The carbonated water employed in the CW huff-n-puff process is prepared by continuous injection CO2 in the 1.4 wt% salinity brine under constant pressure of 20 MPa and temperature of 45 °C. At first, pour 950 mL brine in the 1L stainless steel container under atmospheric condition, then seal the container and put it in an incubator of 45 °C. Pressurize the container through CO2 injection until the internal pressure approaches 20 MPa. Maintain the pressure of 20 MPa through continuous CO2 injection 72 h to achieve the phase equilibrium between CO2 and brine. Based on the thermodynamic data of CO2 solubility in brine (Zhao et al., 2015), it is assured the prepared CO2-enriched solution is a stable one phase fluid and has the same amount of dissolved CO2 as under the reservoir condition of 28 MPa & 65 °C.
2.3 Experimental apparatus
Fig. 3 depicts the setup components schematically for performing the high pressure and high temperature huff-n-puff processes.
Schematic diagram of the experimental setup.

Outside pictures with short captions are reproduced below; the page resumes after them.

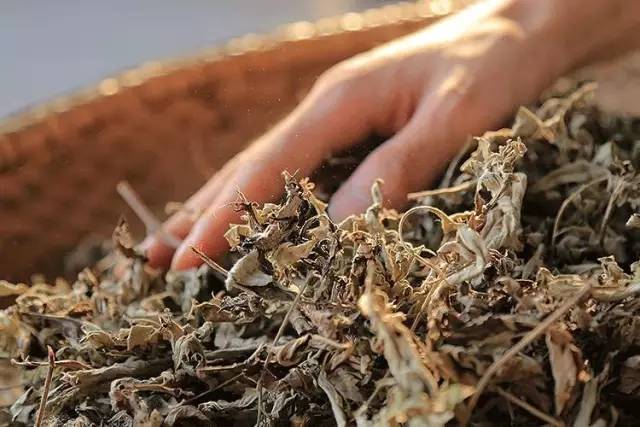 「杏林微科普」您的“尊臀”还好吗？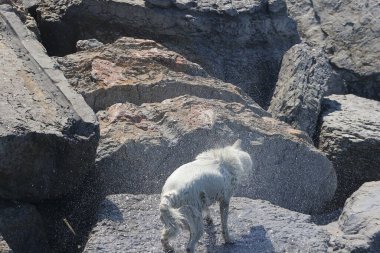 Dağlarda bir köpek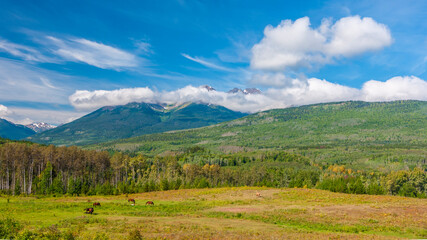 Fototapeta na wymiar Canada, British Columbia, Dramatic skies over a meadow with grazing horses on the Stewart-Cassiar Highway.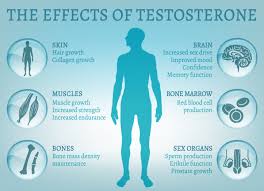 Testosterone Replacement Therapy - New Creation MediCosmetic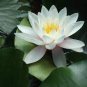 'Shalina' White Lotus Flower Water Lily Flower Aquatic Plants 1 PCS Seeds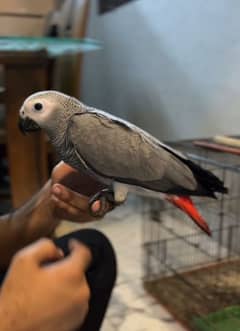 Grey Parrot Chicks / Hand tamed / Parrot / Grey Parot / Grey african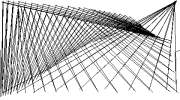 558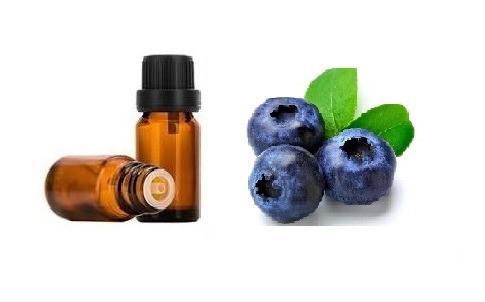 اسانس خوراکی بلوبری خارجی اصل ۱۰۰۰میلی لیتر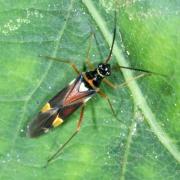 Cyllecoris histrionius (Linnaeus, 1767) 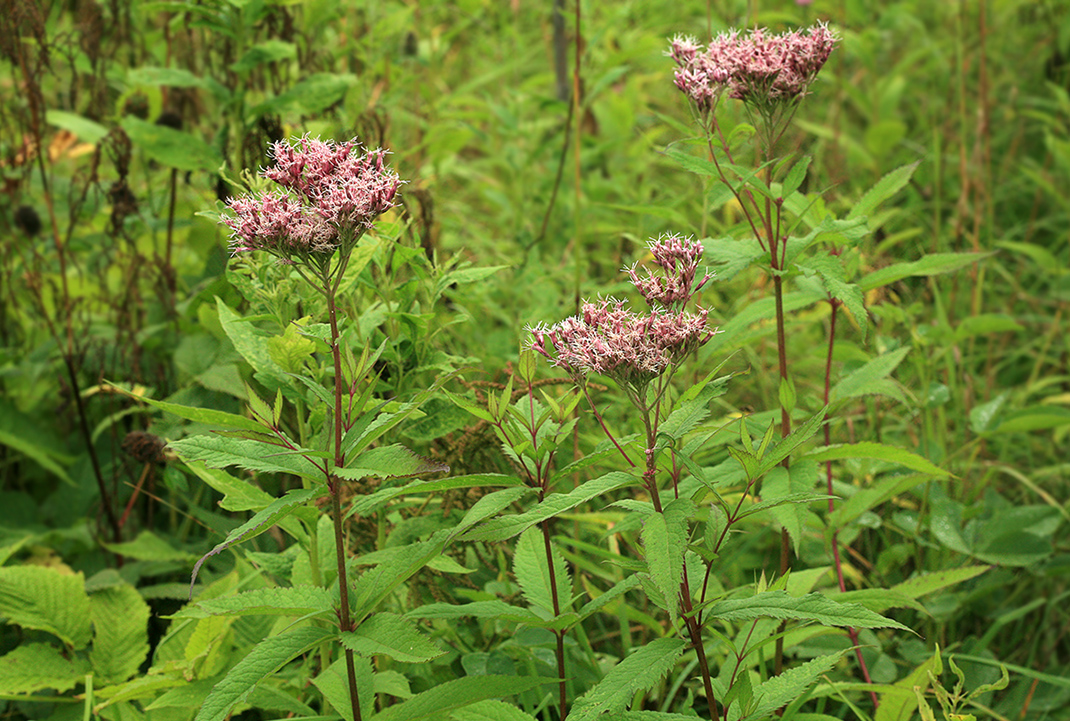 Изображение особи Eupatorium glehnii.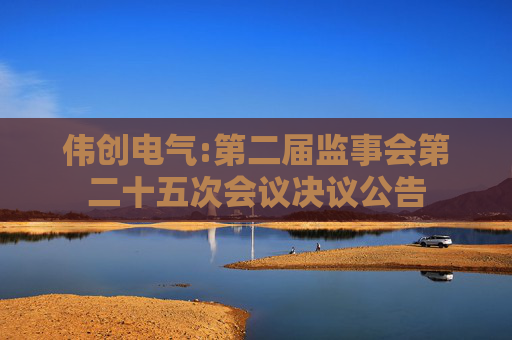 伟创电气:第二届监事会第二十五次会议决议公告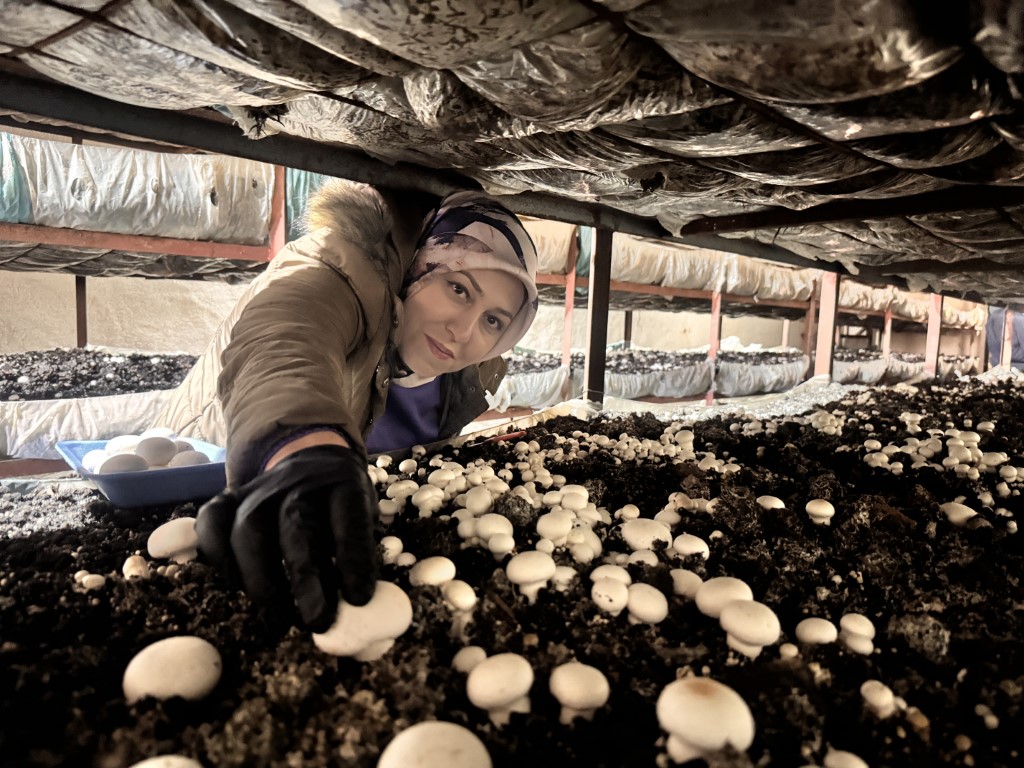 A A 20251015 39417386 39417381 K A D I N G I R I S I M C I D E V L E T D E S T E G I Y L E K U R D U G U T E S I S T E 75 T O N M A N T A R U R E T I Y O R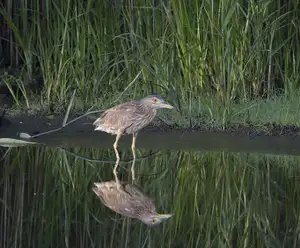 Wassaw National Wildlife Refuge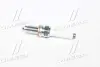 Свеча зажигания PLATINUM VAG 1.2-1.4 TSI 12- (пр-во) NGK PZKER7B8EGS (фото 3)
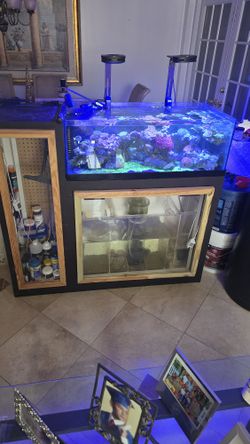 30 Gal Rimless Low Boy Tank And Stand Aquarium Tank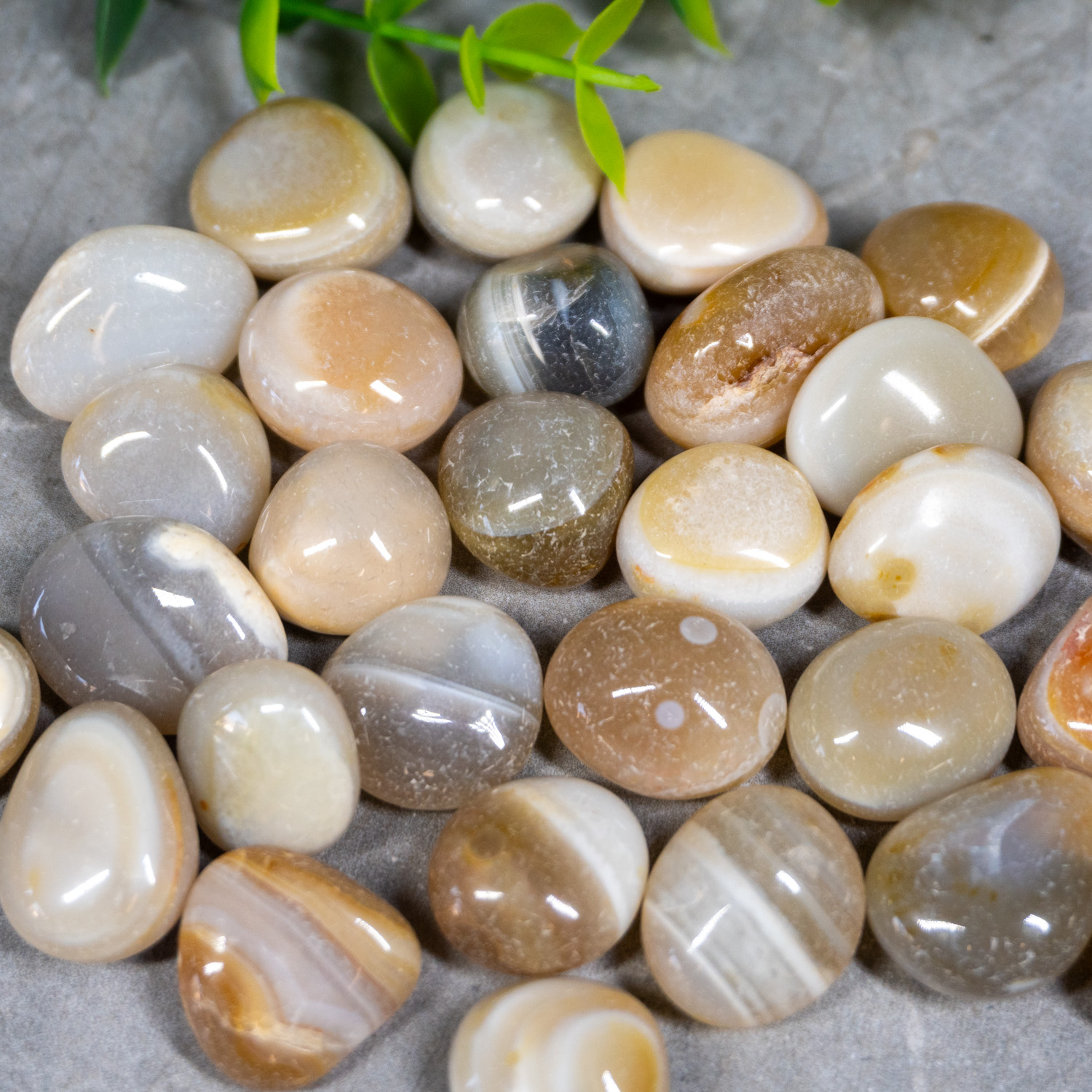 Banded Agate Tumbled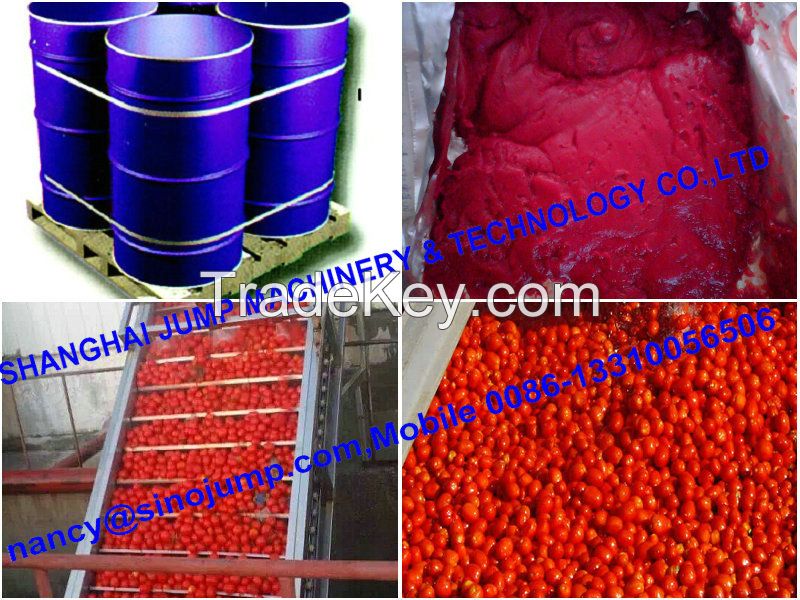 Xinjiang Aseptic Package Tomato Paste Concentrate Brix 28-30% Hot Break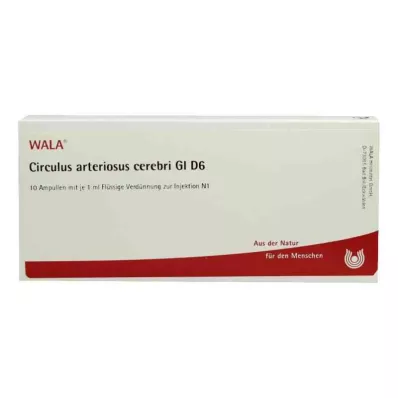 CIRCULUS arteriosus cerebri GL D 6 ampula, 10X1 ml CIRCULUS arteriosus cerebri GL D 6 ampula, 10X1 ml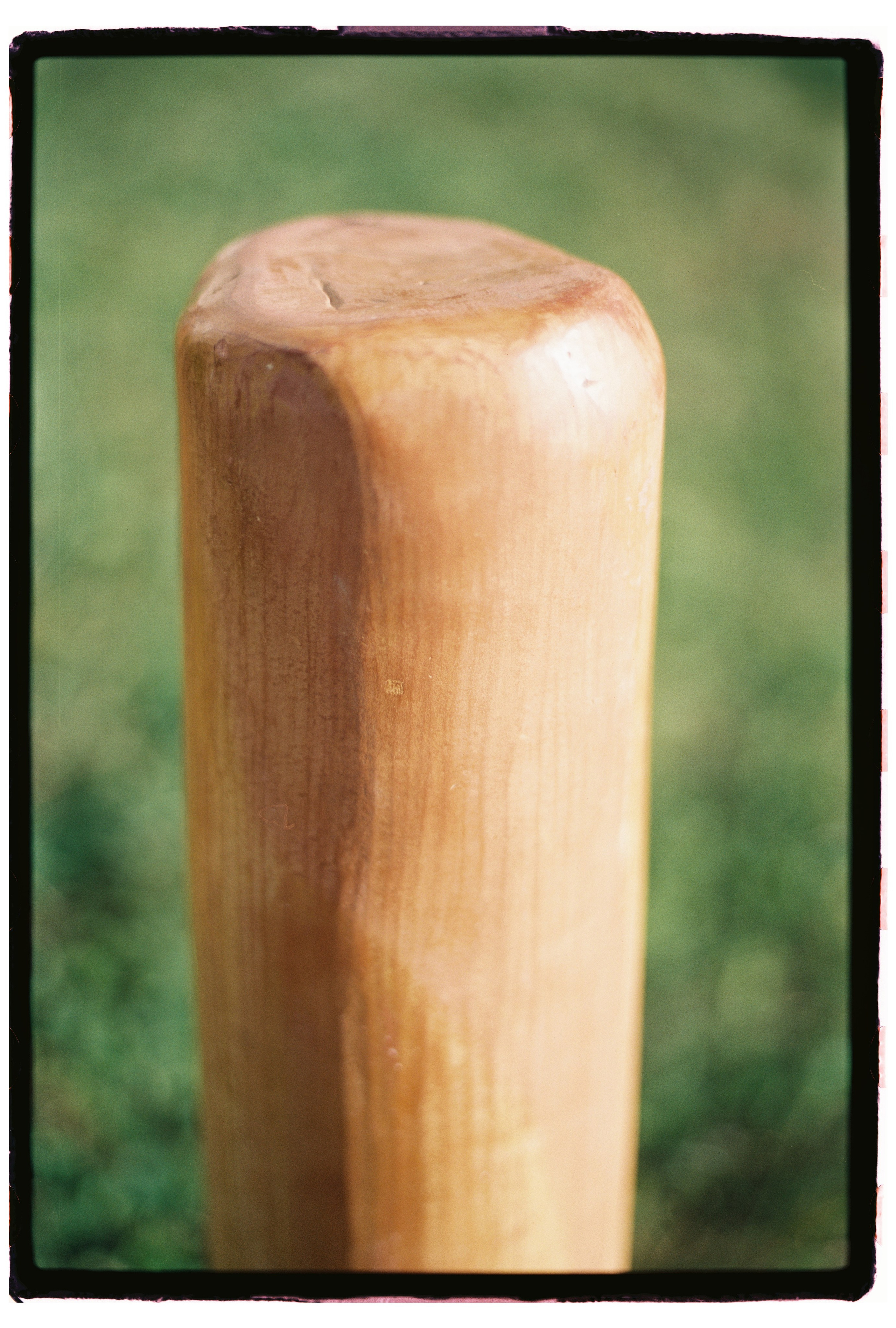Пленка для журнала. Профессиональный Фотограф во Владимире, в Москве и в Суздале — Полина Романычева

As shown in the figure, the oil and three injection fluids of carbonated water, brine and liquid CO2, are stored in four stainless steel containers marked of No.2, 3, 4 and 8, respectively. The stainless core holder (No.17), which could stand pressure up to 70 MPa and temperature up to 150 °C, is put in an incubator (No. 25) with upper limit of 150 °C. Together with the backpressure regulation system (No. 22–24) and confining pressure pump No.18, the core could maintain the reservoir pressure and temperature in the core holder without any side leakage. With the opened valve No.15, No.19 and the closed valve No. 16, oil is pushed through the tight core with high precision syringe pump to fulfill the oil saturation process. With opened valve No.15 and closed valve No. 16 and No.19, the fluid injection (huff) and soaking process is performed. Then with opened valve No.16 and closed valve No. 15 and No.19, the production (puff) process is performed and the produced oil is collected and measured with the effluent collection device (No.21).
Fig. 4 schematically illustrate the tight core when loaded in the core holder. Two tubes, one is for fluid injection and the other for the puff liquid extraction, are fabricated in the sealing bolt with fluid distributor at the front surface touching the core. The core is sealed tightly with the rubber jacket with the confine pressure water. With other side of the core blocked with stainless steel blocker, the injection fluid in the huff process is introduced into the tight core through the injection tube. Whereas the extracted fluid, such as produced oil together with water or CO2 in the puff process, is guided out of the core through the outflow tube.
Schematic illustration of the core when loaded in the core holder.
After each cycle of huff-n-puff process, the tight core sample will be taken out of the core holder for NMR measurement (NMR model: MesoMR23-060H-I, Suzhou Niumag Analytical Instrument Co. China). The T2 spectrum obtained by NMR reflects the spatial distribution of 1H-proton-bearing fluid in the rock sample with longer the relaxation time standing for larger pore diameter (Qun et al., 2019; Liu et al., 2020). Therefore, the NMR T2 results could reveal the oil mobilization rules in different size pores of the tight media after the huff-h-puff process.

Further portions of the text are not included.